In demonstrating the female* view of 'order of matters important', Gill Hornby writing in tomorrow's Daily Telegraph:
"I couldn't care less about funny-shaped sausages or cucumbers. I'm pretty relaxed about the thought of adopting the euro. National cuisine, national currency, national sovereignty – these are trifles. But now it's been revealed that an EU directive on the quality of domestic oil has caused a sudden collapse in the performance of our Agas, and –whoa! – I've come over all Ukip.
The Brussels directive requires that the oil we use in our homes should have a lower sulphur content. The aim, which seems quite laudable, is to reduce greenhouse gases. But the result is that the fuel carbonises more quickly, creating a thick black smoke – mounting panic here – which clogs the fuel pipes, which in turn – sensitive rural types, look away now – makes the Aga go out. Aaaaargh!

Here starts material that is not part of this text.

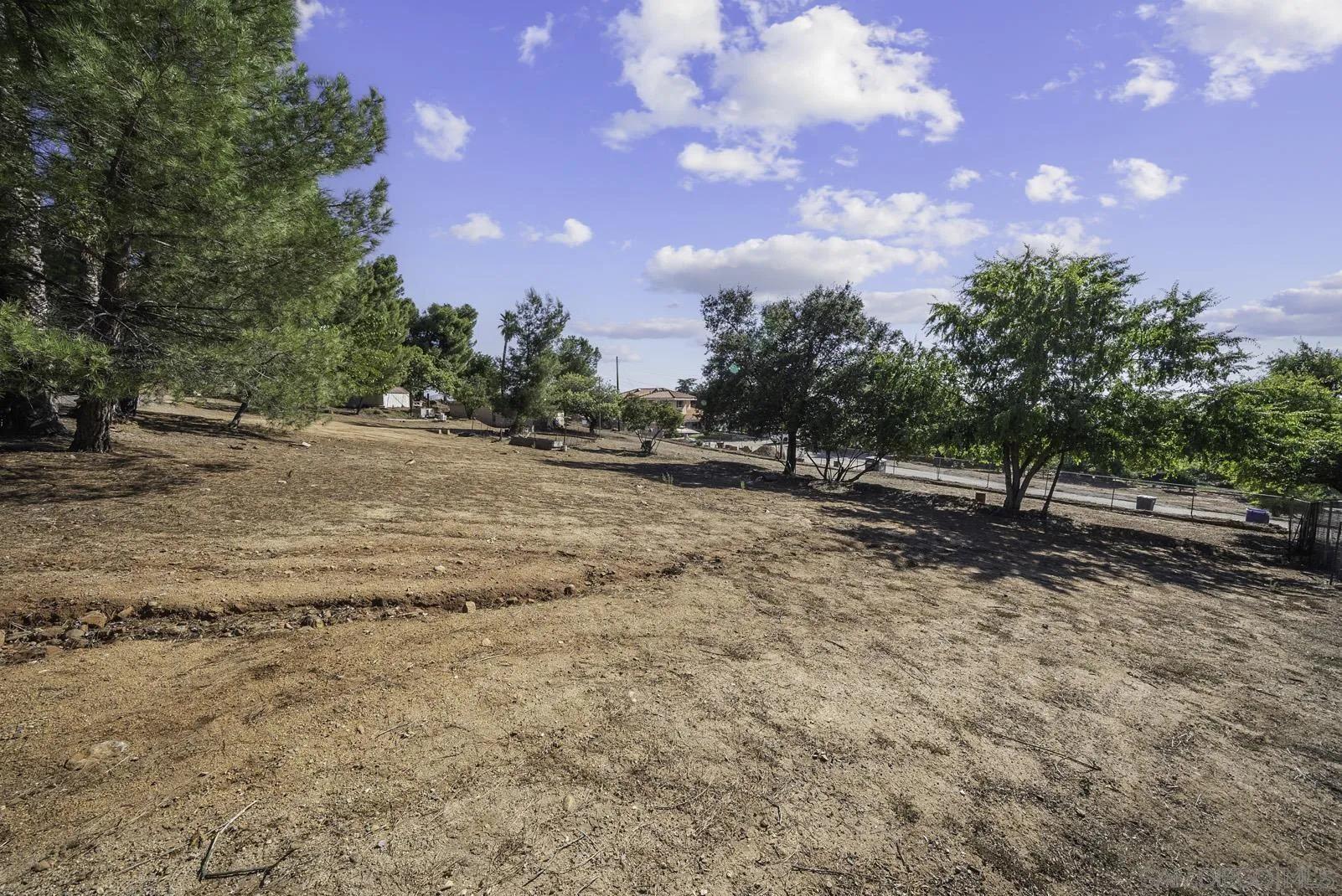 534 Anderson Road Alpine, CA 91901 - Photo 46 of 63 a view of a yard with a tree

Personally, I think the EU doesn't give a damn about sulphur content: it's just another skirmish in the guerrilla war against Agas. George Monbiot has already accused them of destroying the planet. Now, here's another dastardly green scheme: if they keep going out, perhaps we'll give them up.
Ha! It'll take more than that. For, much as we love our trusty stoves, we know that they do have a tendresse for a little breakdown when they feel like it, especially on or around the winter solstice. We can live with that. What we can't live with is Brussels mucking up our kitchens. Mr Farage – where do I sign?"
* With apologies to any lady readers of this blog!